Output the data below only from the line containing "Image similar to" up to and including the line containing "People having fun on a roller coaster", exact and with the pictures left out.

**DATA SUPPLIED**:
-=-=-
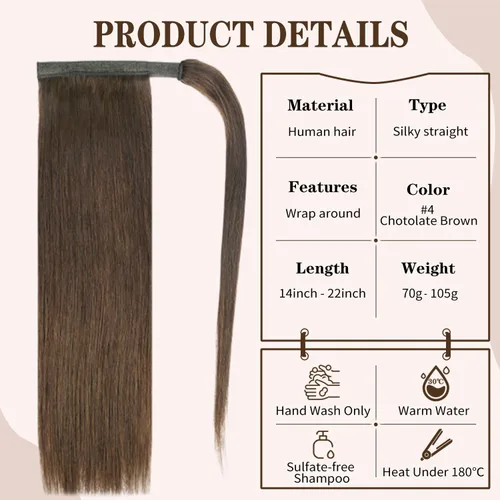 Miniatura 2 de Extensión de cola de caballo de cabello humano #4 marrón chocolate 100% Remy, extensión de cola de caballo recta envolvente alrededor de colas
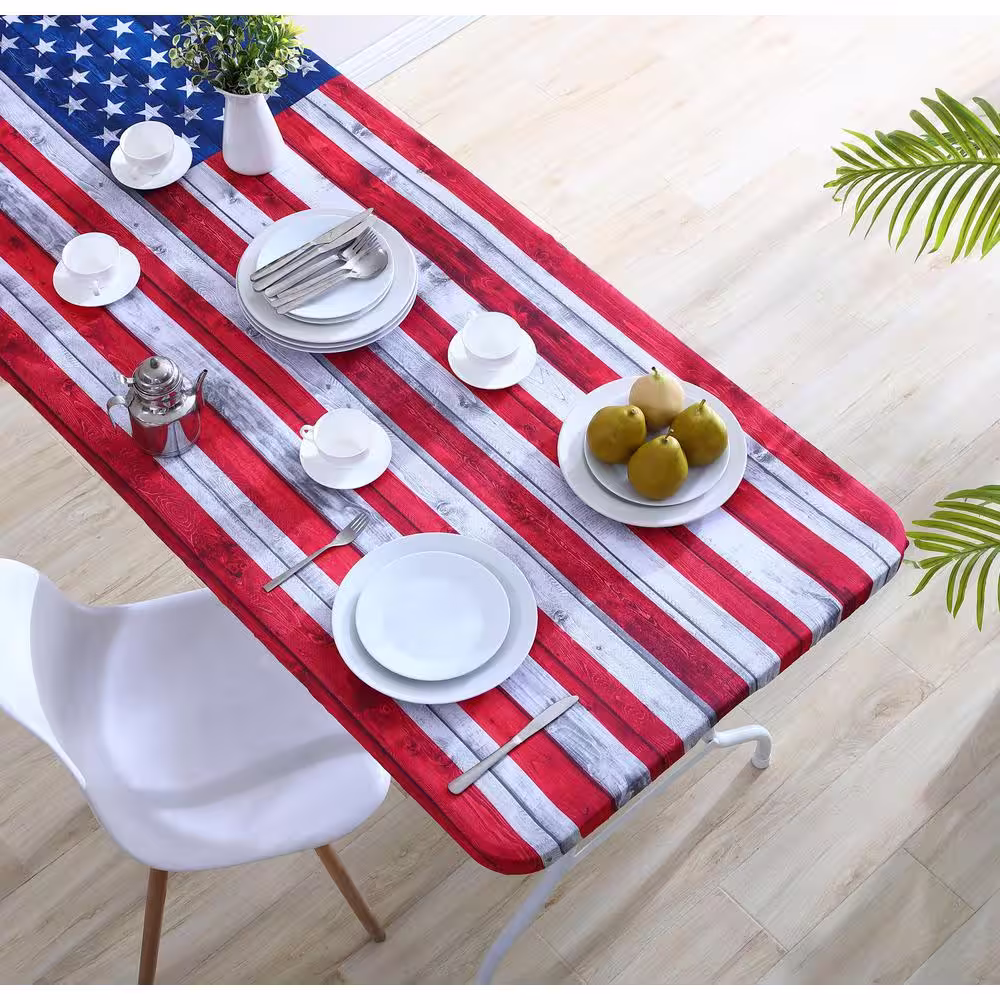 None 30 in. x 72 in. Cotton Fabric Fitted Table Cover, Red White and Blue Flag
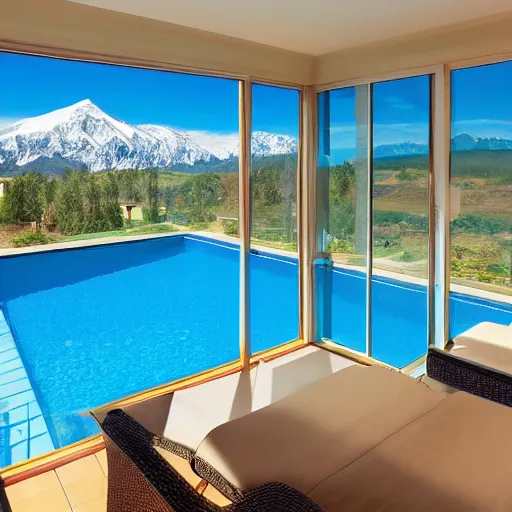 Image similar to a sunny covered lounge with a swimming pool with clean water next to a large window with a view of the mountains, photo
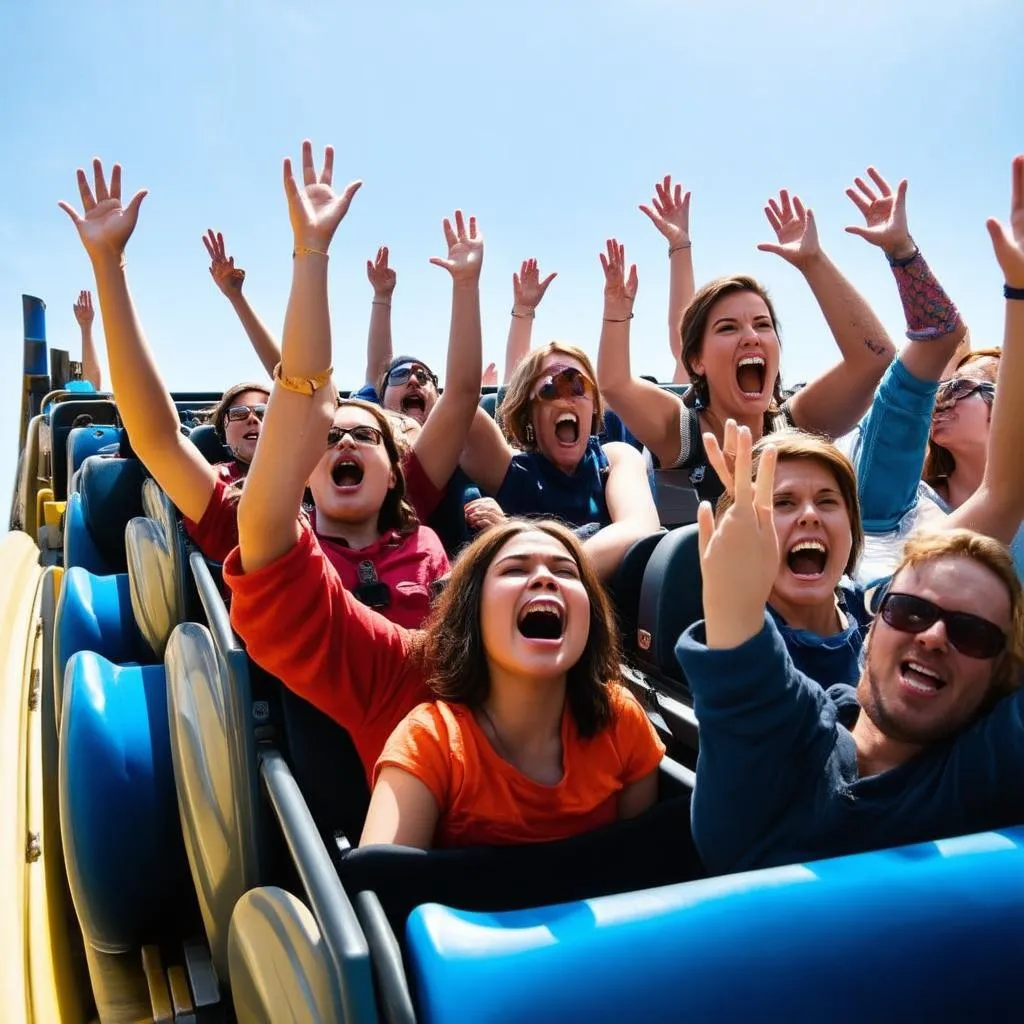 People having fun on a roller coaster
-=-=-
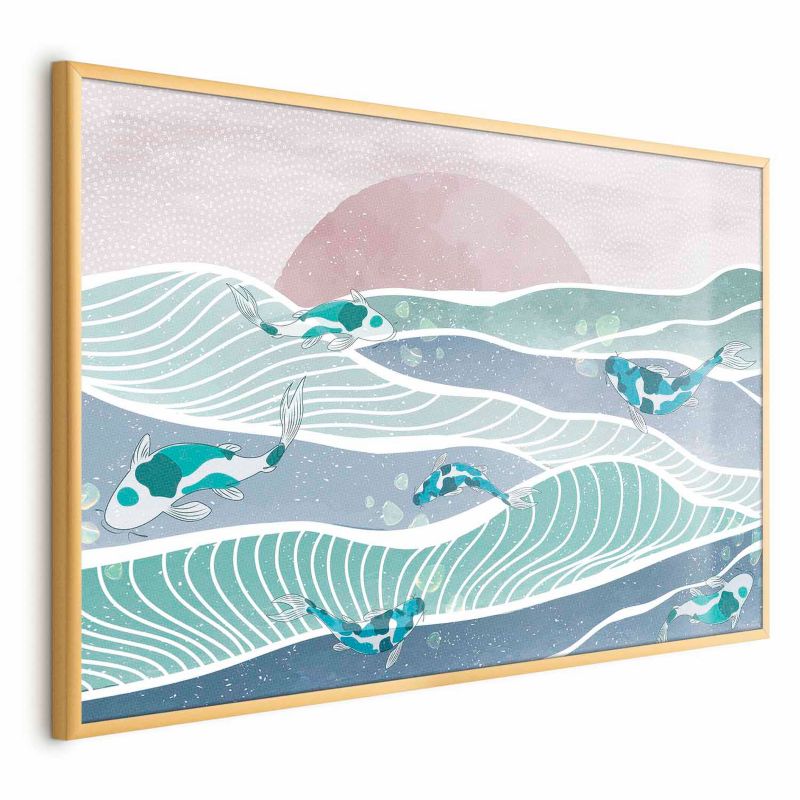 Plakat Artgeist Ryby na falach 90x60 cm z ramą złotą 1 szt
-=-=-
**SOLUTION**:
 Image similar to a sunny covered lounge with a swimming pool with clean water next to a large window with a view of the mountains, photo
 People having fun on a roller coaster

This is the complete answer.